--- START ---

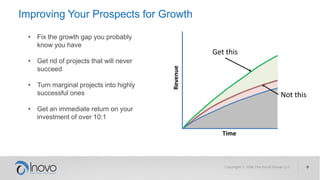An Innovation Services company
founded in 2001 focusing on
companies that desire
technology-driven growth
Inovo
17 Years at the forefront of innovation thinking,
research, development and practice.
Over 100 fortune 1000 clients, 300 innovation
projects, 10,000 opportunities created.
Strong human centered focus. An abiding belief in
the need for understanding the person.
Strong technology and business background. An
abiding belief in the value derived from technology.
A business analytics company that has
developed an advanced Market
Exaptation Simulation Engine
(MESE)™, that accurately predicts
opportunity success.
Growth Science
Thomas Thurston started research at Intel in 2006 to
discern patterns that predict business survival or failure.
Worked with Clayton Christensen at Harvard to
pursue the research and develop the algorithms.
MESE is used by WR Hambrecht Ventures, one of the
top performing venture funds to build their portfolio.
Growth Science was founded in 2008 as a home for
the fundamental research and analytics engine.
Inovo – Growth Science Partnership
9
The partnership between Inovo and Growth Science combines the deep analytic research and tools of Growth Science with the extensive
innovation experience and practice of Inovo to offer a unique service for companies who wish to improve the success rate of their Horizon 3
opportunities – the ones that will drive future growth but are the most uncertain.
Copyright © 2017 The Inovo Group LLC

--- END ---

### [TASK PROMPT]
Scan the data above and report each line in which "Strong" is present.

### [RESPONSE TO THIS TASK]
Strong human centered focus. An abiding belief in
Strong technology and business background. An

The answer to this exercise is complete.